Self-publishing gives authors complete control over the writing and marketing process of their book.  However, even successful indie authors can do little more than guess when it comes to breaking down the intricacies of assigning value to their work. If the issue of ebook pricing has left you feeling dazed and confused, don’t be discouraged. The best thing you can do is to run a variety of pricing tests and track your results.

 

 

Self-publishing gives authors complete control over the writing and marketing process of their book.  While this feeling of power may bring a sense of peace during the writing phase of your project, your comfort may begin to unravel as you face numerous uncertainties about getting your masterpiece into the hands of the masses.  And the first and foremost of marketing strategies to decipher will ultimately lay the foundation for your entire promotional plan – ebook pricing.  How much should you charge for your book?

With ebook pricing, the waters are still a bit murky. Even successful indie authors can do little more than guess when it comes to breaking down the intricacies of assigning value to their work. Of course as an indie you can always choose a price and change it as often as you see fit until you hit that sweet spot (where your ebooks are flying off the virtual shelves). But still, where do you begin?

How to Assign the Right Value to Your Work

If the issue of ebook pricing has left you feeling dazed and confused, don’t be discouraged. Here are some suggestions on how to make an informed choice when it comes to deciding the best price point for your book:

1. Offer Your Book for Free

At first glance the suggestion of a free book offering may sound strange given the topic of ebook pricing.  However, if you “peel the banana back” you’ll find that giving your book away can pave the way for collecting a lot of helpful data on the best ebook price points. Simply distribute a questionnaire (to those whom you’ve graced with a free copy) asking the following:  How much money would you pay for this ebook? How would you quantify the value you’ve received from the contents of this book? How much have you spent on other books in this same genre? If you can obtain feedback from at least 5 to 10 individuals, you should have a good starting point for pricing your ebook.

2. Set Goals

When determining ebook pricing, you should ask yourself what you want to achieve financially. Some authors hope to recoup all the money they’ve spent on expenses like editing and cover art in addition to making a hefty profit.  Others just want to get their name out there and couldn’t care less whether or not they make a dime.

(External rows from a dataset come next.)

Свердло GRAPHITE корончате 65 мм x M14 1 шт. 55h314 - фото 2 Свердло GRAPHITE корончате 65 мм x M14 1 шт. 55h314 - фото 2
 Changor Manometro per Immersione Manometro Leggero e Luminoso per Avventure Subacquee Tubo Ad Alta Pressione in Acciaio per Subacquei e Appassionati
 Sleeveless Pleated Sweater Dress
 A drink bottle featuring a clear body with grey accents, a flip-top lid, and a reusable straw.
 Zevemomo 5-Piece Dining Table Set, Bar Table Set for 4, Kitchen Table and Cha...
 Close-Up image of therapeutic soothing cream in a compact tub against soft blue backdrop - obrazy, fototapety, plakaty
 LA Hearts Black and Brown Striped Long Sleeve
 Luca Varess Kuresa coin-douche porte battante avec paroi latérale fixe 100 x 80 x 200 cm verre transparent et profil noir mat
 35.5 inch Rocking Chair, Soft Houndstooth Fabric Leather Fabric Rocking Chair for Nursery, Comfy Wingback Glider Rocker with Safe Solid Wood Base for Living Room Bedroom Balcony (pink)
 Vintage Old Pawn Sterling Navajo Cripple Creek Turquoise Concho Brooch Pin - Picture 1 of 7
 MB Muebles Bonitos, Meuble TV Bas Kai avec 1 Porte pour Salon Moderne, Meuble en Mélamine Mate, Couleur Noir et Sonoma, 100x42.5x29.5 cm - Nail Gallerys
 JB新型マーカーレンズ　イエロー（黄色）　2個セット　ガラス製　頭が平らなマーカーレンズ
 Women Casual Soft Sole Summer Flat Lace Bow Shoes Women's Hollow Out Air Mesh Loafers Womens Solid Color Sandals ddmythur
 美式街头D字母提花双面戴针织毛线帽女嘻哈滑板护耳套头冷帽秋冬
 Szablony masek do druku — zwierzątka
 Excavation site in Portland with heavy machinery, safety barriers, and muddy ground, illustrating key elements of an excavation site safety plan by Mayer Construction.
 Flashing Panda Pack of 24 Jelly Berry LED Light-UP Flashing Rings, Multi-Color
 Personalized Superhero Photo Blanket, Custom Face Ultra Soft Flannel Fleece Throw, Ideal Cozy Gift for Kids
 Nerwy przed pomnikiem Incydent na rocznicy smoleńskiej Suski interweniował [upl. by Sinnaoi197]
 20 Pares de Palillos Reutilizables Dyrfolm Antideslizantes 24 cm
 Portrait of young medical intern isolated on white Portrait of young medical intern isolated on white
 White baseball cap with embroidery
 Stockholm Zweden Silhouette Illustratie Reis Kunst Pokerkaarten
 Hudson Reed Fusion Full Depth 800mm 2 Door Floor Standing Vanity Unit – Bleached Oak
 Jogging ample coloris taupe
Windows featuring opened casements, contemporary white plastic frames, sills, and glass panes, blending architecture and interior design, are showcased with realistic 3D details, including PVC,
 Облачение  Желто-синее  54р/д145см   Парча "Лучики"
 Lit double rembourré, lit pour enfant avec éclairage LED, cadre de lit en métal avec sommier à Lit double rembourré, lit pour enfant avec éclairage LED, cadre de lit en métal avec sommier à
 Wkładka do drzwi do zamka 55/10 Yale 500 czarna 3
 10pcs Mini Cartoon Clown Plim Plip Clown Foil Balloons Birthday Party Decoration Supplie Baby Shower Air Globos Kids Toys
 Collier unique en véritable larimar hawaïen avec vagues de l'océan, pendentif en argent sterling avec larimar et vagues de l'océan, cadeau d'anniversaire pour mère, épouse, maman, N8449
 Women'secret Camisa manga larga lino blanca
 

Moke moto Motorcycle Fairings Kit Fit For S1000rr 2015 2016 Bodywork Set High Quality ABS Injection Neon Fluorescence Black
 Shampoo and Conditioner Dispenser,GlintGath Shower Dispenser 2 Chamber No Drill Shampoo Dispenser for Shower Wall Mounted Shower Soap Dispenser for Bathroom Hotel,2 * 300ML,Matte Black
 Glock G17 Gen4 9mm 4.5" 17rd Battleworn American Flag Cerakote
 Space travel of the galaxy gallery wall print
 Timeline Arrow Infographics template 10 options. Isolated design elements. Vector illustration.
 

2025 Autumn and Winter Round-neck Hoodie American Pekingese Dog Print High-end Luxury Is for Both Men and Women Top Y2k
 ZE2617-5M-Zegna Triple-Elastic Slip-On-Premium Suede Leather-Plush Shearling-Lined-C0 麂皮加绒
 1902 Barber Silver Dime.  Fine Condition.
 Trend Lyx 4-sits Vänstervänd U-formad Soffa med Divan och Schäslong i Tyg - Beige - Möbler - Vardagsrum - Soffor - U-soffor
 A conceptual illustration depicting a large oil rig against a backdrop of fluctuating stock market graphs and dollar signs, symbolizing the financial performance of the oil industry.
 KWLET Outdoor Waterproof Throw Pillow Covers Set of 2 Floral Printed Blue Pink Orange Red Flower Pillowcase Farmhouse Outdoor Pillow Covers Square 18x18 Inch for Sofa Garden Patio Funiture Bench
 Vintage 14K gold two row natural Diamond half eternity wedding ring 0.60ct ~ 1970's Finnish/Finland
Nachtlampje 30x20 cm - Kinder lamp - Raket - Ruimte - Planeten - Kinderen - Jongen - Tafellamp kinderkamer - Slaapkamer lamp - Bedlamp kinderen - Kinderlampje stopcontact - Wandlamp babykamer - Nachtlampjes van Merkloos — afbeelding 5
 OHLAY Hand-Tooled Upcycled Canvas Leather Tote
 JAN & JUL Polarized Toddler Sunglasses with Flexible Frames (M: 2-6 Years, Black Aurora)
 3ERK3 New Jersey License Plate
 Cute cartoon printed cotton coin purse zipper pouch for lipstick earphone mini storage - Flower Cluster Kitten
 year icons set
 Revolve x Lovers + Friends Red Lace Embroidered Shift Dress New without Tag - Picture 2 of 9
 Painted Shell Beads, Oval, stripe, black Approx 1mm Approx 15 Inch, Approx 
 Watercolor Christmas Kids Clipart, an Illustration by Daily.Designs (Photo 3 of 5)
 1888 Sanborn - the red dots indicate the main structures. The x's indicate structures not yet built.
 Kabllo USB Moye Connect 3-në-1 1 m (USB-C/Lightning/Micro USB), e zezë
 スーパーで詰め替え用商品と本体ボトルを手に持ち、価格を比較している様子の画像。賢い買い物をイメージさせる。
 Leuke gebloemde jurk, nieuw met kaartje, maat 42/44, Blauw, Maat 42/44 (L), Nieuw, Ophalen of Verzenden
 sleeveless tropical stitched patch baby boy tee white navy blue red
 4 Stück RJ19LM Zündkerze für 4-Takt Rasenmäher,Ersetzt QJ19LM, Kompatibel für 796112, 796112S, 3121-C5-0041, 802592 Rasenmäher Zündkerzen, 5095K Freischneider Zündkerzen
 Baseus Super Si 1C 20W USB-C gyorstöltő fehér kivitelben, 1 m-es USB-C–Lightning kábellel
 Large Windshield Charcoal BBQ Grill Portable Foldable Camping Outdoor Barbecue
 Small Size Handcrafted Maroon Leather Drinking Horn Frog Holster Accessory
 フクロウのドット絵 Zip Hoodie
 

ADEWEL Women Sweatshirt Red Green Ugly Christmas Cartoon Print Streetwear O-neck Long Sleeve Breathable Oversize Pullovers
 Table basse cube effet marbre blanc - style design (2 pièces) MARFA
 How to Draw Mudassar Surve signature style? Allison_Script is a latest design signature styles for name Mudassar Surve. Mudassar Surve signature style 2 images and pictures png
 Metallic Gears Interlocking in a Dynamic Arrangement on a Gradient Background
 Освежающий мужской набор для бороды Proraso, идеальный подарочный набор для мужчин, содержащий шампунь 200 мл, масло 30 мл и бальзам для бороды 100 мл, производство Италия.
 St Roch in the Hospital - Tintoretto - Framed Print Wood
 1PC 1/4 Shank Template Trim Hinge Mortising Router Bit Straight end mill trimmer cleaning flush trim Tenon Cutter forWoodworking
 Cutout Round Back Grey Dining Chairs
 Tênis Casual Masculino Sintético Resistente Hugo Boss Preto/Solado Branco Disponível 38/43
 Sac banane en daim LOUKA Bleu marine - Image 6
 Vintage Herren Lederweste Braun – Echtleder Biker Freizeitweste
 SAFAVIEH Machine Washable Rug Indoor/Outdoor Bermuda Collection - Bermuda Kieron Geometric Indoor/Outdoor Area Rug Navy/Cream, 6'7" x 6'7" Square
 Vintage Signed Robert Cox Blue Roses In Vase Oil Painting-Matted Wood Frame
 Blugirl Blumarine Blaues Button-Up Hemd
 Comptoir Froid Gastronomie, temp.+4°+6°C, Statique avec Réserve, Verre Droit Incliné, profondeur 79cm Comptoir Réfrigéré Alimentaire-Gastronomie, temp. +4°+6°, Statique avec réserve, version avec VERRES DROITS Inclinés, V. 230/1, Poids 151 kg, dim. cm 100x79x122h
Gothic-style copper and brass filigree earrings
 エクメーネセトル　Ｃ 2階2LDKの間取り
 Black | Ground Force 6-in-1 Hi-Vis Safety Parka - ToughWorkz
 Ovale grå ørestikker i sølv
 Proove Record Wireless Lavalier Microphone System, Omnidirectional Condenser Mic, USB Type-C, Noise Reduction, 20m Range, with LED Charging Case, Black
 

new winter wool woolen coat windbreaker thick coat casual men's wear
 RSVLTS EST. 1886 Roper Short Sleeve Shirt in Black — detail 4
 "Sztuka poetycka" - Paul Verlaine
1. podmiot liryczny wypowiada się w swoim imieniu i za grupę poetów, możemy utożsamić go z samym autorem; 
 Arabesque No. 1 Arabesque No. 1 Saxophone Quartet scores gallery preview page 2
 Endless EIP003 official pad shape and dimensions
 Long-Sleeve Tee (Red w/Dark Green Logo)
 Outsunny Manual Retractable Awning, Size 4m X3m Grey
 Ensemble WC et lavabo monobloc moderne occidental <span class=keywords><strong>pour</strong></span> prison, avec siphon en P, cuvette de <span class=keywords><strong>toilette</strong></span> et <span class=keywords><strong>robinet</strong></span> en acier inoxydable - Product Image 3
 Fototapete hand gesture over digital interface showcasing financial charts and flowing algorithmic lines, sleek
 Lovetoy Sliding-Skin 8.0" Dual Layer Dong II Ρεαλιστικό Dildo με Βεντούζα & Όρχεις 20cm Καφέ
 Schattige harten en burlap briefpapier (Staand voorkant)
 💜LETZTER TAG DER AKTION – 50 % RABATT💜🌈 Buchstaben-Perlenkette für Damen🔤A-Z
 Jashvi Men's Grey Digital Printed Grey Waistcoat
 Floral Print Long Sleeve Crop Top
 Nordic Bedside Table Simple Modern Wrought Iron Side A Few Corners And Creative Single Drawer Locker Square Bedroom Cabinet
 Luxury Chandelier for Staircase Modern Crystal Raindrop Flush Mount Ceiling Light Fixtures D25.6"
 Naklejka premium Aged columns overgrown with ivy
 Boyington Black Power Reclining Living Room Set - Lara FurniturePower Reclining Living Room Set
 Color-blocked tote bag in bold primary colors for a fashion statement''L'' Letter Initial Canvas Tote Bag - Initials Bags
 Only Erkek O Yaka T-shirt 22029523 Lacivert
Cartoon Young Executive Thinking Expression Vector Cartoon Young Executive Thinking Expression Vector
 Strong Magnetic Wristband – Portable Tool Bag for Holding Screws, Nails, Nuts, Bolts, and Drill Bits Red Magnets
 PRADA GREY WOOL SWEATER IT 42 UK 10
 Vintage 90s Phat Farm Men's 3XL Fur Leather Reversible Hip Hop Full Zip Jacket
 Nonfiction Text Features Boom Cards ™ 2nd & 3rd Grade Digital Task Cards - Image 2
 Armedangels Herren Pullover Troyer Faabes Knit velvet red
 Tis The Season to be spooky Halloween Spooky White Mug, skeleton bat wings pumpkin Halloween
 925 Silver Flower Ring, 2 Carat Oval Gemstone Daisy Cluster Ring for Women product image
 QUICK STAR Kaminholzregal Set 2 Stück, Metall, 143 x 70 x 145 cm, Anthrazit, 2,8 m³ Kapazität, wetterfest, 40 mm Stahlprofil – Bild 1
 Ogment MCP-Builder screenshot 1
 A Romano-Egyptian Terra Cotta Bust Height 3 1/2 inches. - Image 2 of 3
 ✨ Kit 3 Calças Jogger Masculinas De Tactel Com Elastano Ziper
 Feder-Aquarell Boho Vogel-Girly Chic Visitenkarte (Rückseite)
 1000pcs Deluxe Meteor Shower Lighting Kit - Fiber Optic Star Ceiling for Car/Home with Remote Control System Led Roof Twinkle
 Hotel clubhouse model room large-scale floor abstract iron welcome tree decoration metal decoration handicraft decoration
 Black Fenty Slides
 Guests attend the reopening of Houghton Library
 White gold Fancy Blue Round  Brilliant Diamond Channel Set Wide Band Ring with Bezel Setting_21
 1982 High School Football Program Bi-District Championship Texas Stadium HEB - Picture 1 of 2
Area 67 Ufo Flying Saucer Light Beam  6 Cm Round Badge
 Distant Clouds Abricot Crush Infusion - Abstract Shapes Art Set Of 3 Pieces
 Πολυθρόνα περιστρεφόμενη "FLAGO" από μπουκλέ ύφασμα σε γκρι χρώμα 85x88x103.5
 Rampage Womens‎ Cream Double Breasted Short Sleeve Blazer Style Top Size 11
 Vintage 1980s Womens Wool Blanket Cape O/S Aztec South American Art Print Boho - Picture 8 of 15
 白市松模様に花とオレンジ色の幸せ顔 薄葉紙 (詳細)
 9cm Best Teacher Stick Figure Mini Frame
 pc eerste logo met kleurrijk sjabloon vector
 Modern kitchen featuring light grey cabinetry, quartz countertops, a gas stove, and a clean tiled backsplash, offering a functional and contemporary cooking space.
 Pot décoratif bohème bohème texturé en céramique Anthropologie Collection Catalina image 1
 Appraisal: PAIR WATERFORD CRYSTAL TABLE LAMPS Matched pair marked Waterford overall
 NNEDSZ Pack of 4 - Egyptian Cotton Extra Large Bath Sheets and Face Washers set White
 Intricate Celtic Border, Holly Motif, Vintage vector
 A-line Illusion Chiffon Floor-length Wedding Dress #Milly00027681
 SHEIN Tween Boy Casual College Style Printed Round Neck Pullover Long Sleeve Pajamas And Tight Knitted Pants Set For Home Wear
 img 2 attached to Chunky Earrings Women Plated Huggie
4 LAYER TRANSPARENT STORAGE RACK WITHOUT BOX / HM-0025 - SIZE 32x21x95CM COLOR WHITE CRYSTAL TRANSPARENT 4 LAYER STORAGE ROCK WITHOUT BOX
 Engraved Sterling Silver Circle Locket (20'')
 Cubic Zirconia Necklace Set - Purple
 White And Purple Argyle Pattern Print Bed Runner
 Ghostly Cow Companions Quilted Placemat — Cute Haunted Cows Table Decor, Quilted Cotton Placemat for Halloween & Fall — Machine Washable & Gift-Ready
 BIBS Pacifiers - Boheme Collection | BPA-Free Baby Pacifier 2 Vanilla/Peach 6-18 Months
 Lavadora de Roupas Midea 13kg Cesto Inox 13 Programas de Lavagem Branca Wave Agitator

For them, the goal is to craft a reputation and then use that notoriety to sell their next book at a premium price. So you should first figure out your financial goals and then set a price that helps you achieve those goals.

3. Consider the Medium

What medium are you going to use to sell your books? Different mediums tend to bring different ebook pricing considerations to the table. For instance, most major self-publishing companies will take a portion of the money you make on each sale. Amazon typically gives you 70 percent of your profit on each ebook sold as long as it’s priced within the range of $2.99 and $9.99.  Other platforms may not be so generous. Simply put, you must carefully select the medium through which your book will be sold because it will have a drastic impact on your pricing. Logically speaking, a medium that allows you to keep a larger percentage of your profits permits you to sell your book at a lower price. On the contrary, platforms that seize a sizeable portion of your profits leave you with little choice but to hike your prices in order to meet your financial goals.

4. Consider Range Pricing

You do not have to restrict yourself to one price. Regardless of the price you chose at the start, you can always make changes in response to the demand. In my opinion, however, I think it would be better to start off at a low price and move towards increase rather than the other way around. You can set lower prices during the launch of your book to increase sales and notoriety, and then slowly but steadily raise the prices as interest builds. If you start high and later cut your book’s price, it can either spark excitement in deal seekers or scream “not worth it” in those looking for value triggers. All in all, range pricing can be the best of both worlds if done correctly.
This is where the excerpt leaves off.